### PROMPT
Please reproduce exactly, and only, the line containing "Imagem de 12" and every line after it to the end of the records below, leaving out all pictures.

### INFORMATION SHOWN
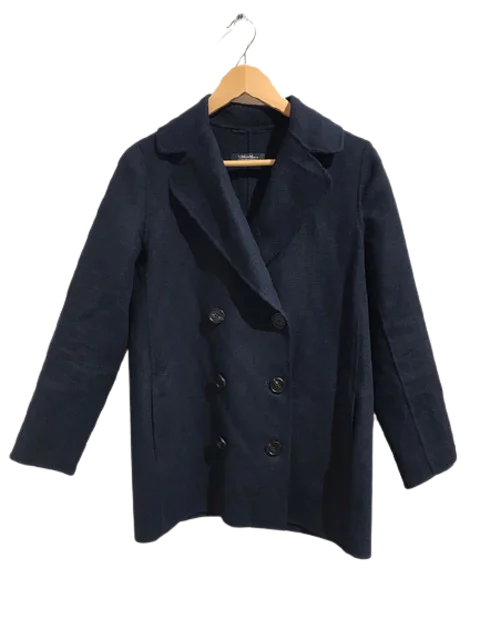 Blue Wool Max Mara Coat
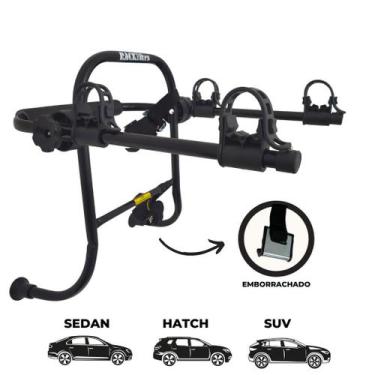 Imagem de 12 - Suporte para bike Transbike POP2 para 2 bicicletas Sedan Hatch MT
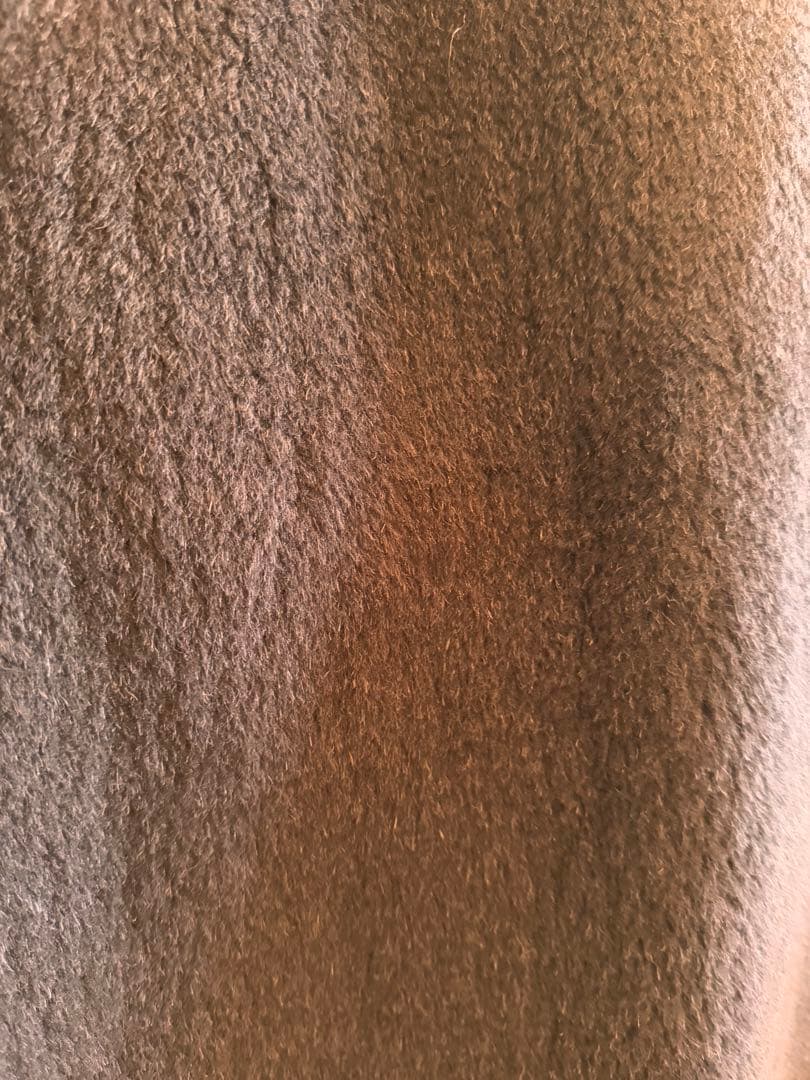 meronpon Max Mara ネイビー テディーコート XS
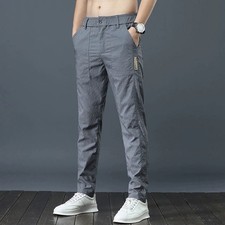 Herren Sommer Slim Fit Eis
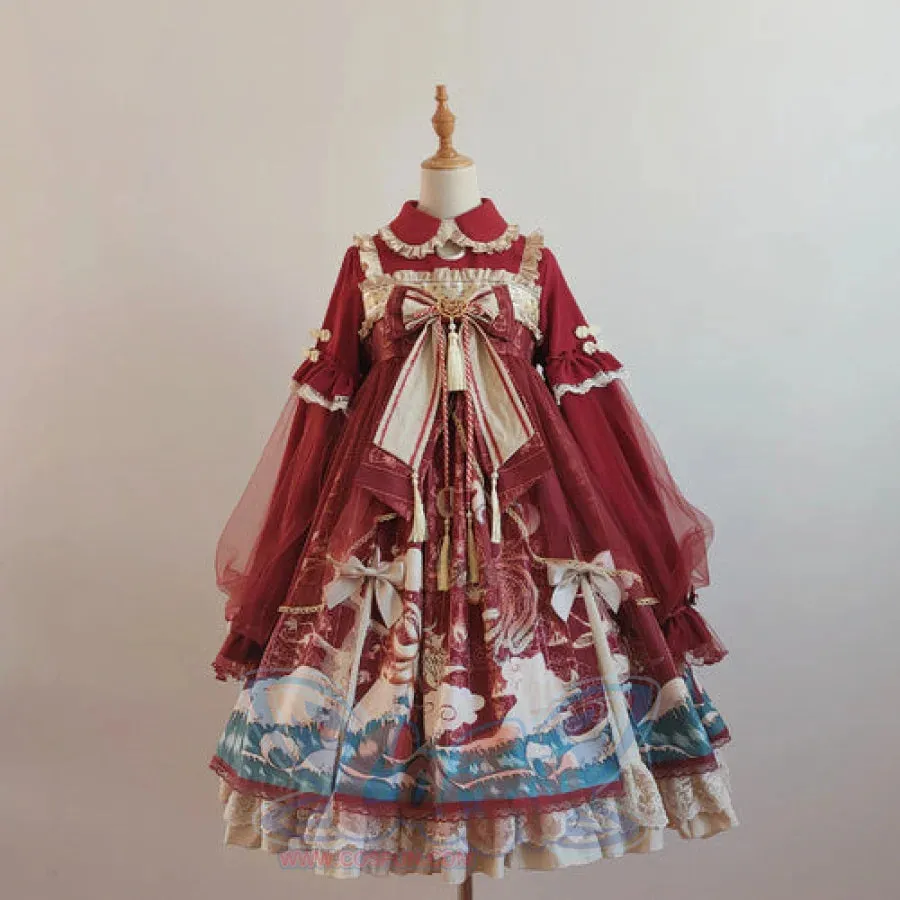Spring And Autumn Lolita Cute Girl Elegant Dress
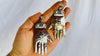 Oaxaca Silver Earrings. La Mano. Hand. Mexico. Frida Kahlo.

### FINISHED EXERCISE
 Imagem de 12 - Suporte para bike Transbike POP2 para 2 bicicletas Sedan Hatch MT
 meronpon Max Mara ネイビー テディーコート XS
 Herren Sommer Slim Fit Eis
Spring And Autumn Lolita Cute Girl Elegant Dress
 Oaxaca Silver Earrings. La Mano. Hand. Mexico. Frida Kahlo.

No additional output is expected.